The figures come a day after the first data was published indicating the post lockdown surge in the housing market might be running out of steam. Property portal Zoopla said first time buyers were increasingly struggling with a lack of availability of mortgages at high loan to value rates, coupled with economic insecurity, leading to a decline in demand, while an analysis of internet search terms by Pantheon Macroeconomics suggested demand to move house has now peaked.
Despite this, Savills today published revised house price forecasts reversing its previous predictions of sharp house price falls laid out in June. The estate agent said it expected average prices to end 2020 4% up on 2019, where just three months ago it was expecting a 7.5% slide in prices.
It said prices will remain flat in 2021, with no growth at all, before showing strong growth underpinned by low interest rates from 2022 onward.
Lucian Cook, Savills head of residential research, said: “While we clearly can’t ignore the economic backdrop, other factors, including a stamp duty holiday, have unleashed an unexpected wave of activity in the market and added to the pent up demand coming out of lockdown.
“Many people are reassessing their work-life balance, seeking a change of location or a trade up the ladder. The unexpected stamp duty holiday has given a further boost to the market particularly in higher value locations through the commuter zone and lifestyle relocation hotspots.”

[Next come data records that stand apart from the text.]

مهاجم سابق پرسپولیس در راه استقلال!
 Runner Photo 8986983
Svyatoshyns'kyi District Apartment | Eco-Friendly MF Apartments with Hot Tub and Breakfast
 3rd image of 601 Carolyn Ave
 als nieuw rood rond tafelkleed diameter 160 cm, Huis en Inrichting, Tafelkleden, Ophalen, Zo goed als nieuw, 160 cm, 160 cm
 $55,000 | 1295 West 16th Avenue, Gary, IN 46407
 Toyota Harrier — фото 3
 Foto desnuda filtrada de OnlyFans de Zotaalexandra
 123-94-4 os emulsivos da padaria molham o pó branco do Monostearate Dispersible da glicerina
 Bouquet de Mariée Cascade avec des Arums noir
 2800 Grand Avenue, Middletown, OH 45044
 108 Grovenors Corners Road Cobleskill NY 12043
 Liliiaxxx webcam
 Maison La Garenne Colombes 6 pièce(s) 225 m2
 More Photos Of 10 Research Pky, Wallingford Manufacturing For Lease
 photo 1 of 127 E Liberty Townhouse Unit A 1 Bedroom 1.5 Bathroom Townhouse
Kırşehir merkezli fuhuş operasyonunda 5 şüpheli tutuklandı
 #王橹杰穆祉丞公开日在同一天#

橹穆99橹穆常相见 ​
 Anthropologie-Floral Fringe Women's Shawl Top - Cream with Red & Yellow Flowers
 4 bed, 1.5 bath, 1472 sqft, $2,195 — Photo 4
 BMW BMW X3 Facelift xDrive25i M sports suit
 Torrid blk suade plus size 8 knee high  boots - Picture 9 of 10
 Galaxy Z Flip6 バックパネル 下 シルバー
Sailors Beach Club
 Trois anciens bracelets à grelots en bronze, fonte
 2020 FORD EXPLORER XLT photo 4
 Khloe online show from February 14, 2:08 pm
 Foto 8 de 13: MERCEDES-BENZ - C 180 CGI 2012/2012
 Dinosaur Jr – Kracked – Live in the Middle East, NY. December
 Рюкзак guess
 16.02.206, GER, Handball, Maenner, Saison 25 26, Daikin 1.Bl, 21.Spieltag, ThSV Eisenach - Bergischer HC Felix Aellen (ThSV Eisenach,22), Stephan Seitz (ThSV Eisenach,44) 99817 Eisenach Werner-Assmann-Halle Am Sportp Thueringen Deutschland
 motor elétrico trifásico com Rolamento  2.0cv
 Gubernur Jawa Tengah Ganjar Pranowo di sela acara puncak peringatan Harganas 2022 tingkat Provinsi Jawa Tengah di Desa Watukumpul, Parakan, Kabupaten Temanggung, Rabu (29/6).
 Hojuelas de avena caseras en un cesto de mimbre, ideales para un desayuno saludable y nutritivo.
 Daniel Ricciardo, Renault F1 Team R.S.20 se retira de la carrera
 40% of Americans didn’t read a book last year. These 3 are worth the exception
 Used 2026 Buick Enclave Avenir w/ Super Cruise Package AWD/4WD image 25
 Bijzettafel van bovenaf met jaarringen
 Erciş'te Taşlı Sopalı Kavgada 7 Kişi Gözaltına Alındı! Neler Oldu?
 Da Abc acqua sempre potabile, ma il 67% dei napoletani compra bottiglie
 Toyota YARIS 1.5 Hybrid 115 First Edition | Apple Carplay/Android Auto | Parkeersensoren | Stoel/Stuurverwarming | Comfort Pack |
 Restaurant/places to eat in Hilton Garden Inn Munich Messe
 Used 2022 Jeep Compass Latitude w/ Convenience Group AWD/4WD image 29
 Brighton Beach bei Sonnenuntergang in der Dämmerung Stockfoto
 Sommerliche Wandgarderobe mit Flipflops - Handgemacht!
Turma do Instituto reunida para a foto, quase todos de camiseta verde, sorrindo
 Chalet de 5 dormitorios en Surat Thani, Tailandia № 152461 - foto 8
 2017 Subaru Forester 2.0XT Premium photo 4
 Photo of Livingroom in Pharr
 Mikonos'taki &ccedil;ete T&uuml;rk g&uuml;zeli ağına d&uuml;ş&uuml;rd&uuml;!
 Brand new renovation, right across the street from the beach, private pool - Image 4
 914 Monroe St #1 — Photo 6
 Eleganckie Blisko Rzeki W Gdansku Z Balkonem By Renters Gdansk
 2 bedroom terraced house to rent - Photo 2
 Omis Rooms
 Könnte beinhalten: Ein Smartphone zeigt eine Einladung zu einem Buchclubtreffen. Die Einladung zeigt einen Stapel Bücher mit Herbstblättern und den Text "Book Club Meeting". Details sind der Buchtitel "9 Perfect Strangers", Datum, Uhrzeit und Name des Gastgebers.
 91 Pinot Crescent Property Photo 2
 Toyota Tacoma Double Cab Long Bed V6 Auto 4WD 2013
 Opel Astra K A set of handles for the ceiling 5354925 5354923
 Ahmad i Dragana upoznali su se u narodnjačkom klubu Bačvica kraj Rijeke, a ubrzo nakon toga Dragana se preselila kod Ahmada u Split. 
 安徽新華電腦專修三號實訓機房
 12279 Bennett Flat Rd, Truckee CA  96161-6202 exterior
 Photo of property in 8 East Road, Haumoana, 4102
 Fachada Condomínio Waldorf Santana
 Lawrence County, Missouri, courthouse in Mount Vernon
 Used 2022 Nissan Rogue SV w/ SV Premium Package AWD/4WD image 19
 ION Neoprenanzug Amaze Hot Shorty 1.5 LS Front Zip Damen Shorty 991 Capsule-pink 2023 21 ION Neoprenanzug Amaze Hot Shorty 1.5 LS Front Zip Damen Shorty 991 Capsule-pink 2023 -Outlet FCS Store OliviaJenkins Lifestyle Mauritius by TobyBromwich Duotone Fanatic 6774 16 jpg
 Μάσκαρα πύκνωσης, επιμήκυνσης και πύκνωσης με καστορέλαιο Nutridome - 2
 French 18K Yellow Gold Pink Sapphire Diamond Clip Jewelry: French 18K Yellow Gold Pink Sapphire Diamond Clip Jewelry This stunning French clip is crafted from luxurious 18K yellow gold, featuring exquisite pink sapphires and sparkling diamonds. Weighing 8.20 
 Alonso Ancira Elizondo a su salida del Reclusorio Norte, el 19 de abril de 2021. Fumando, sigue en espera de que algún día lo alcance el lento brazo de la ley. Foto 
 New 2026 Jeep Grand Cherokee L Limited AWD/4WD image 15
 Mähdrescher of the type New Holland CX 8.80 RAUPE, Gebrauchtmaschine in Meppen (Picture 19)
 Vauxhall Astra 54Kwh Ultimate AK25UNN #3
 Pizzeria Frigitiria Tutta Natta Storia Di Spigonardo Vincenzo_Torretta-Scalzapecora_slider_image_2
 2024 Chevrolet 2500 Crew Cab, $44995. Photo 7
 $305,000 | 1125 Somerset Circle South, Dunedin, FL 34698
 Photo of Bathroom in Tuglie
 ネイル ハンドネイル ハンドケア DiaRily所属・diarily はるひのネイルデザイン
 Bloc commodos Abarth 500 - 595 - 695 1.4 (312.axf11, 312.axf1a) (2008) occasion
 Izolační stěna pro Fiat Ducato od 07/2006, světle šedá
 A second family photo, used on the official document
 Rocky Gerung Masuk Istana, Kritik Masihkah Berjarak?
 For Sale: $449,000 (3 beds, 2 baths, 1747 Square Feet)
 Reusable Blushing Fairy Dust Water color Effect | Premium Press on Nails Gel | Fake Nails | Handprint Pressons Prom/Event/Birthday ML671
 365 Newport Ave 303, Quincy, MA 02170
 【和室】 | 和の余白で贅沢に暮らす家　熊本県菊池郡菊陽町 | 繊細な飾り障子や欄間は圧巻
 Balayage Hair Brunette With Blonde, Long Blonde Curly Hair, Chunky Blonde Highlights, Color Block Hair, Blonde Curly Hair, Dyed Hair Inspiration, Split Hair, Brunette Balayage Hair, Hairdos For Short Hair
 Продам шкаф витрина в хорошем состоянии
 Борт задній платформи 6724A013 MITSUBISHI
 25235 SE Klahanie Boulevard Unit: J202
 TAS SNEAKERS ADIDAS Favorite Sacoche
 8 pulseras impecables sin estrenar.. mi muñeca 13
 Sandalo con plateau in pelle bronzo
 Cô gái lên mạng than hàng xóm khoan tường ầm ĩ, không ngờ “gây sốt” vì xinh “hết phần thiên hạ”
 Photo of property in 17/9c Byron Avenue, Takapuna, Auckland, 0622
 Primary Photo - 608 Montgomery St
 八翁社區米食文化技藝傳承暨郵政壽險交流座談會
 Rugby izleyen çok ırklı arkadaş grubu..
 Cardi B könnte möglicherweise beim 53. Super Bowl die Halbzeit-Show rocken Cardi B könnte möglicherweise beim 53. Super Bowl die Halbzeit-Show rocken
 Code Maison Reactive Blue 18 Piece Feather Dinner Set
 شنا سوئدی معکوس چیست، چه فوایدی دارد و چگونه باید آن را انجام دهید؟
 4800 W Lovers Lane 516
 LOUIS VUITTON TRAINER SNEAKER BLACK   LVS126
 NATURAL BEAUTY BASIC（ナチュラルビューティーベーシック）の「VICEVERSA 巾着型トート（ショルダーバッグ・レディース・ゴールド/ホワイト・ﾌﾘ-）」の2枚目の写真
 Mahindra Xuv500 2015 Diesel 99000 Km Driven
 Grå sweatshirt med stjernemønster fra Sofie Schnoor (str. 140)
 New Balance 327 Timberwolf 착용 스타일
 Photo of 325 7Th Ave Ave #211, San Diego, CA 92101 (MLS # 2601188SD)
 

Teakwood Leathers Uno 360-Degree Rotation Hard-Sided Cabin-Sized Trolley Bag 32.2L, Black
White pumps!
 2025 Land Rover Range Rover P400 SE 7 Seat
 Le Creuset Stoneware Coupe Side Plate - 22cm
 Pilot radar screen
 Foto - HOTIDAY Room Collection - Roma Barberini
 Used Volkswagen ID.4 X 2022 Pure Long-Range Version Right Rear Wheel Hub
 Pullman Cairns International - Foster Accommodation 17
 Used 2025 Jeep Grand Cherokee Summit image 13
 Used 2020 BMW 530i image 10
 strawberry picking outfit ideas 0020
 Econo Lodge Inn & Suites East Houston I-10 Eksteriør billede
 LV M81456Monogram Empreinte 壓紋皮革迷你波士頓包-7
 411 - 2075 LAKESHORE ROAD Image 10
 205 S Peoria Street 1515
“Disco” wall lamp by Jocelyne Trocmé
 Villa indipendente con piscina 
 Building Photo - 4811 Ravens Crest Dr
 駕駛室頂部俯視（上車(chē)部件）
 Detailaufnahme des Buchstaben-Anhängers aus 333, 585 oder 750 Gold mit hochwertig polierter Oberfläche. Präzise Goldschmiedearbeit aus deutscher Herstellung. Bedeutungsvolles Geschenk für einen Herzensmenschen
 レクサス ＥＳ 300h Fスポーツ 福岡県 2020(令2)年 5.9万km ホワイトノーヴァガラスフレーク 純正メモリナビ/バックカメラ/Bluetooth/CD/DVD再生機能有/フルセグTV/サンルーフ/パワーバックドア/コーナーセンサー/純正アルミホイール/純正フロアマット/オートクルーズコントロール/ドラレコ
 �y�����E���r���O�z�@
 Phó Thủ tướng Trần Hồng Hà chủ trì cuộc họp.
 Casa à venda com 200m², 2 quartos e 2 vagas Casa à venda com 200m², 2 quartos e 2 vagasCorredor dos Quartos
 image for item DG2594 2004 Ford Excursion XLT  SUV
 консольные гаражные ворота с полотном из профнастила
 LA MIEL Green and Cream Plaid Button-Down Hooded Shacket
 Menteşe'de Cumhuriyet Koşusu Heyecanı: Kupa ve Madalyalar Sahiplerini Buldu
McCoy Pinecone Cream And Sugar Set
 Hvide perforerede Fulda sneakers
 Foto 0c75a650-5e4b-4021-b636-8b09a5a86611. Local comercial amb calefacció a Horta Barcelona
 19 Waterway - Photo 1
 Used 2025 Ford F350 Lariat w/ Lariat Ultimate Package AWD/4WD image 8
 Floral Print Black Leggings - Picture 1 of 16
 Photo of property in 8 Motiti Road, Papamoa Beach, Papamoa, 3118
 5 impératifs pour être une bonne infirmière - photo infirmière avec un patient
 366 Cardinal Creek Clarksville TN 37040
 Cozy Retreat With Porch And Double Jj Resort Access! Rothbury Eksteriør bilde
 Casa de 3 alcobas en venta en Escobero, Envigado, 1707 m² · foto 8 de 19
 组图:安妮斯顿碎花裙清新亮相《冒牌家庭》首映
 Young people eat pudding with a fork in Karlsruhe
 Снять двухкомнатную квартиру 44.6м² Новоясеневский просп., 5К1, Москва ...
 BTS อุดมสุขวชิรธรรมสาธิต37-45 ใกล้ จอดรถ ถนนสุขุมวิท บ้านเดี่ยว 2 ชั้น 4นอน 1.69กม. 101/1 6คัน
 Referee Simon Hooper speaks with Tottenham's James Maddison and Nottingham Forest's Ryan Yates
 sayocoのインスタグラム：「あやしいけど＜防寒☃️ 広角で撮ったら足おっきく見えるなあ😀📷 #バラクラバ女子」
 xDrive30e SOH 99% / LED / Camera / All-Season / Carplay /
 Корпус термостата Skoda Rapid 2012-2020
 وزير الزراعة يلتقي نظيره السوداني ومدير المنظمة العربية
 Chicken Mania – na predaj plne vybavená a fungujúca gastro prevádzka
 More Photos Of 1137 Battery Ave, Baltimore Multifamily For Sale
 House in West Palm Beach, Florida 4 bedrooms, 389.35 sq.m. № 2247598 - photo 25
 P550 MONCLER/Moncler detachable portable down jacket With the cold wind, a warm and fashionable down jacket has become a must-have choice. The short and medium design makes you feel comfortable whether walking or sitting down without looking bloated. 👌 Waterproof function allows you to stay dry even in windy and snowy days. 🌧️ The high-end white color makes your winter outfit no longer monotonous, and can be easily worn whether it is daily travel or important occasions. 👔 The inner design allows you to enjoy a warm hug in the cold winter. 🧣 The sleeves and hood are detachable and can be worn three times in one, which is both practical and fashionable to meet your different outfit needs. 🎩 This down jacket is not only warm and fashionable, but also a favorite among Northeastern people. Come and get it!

Commenting on the Bank of England figures Marc von Grundherr, director of estate agent Benham and Reeves, said the firm had seen “little to no let-up in the volume of homebuyers hitting the market” despite the tightening of mortgage lending. “Since the stamp duty holiday was announced, the number of mortgage approvals seen on a monthly basis has more than doubled, and so the boost it has given the market can not be underestimated,” he said.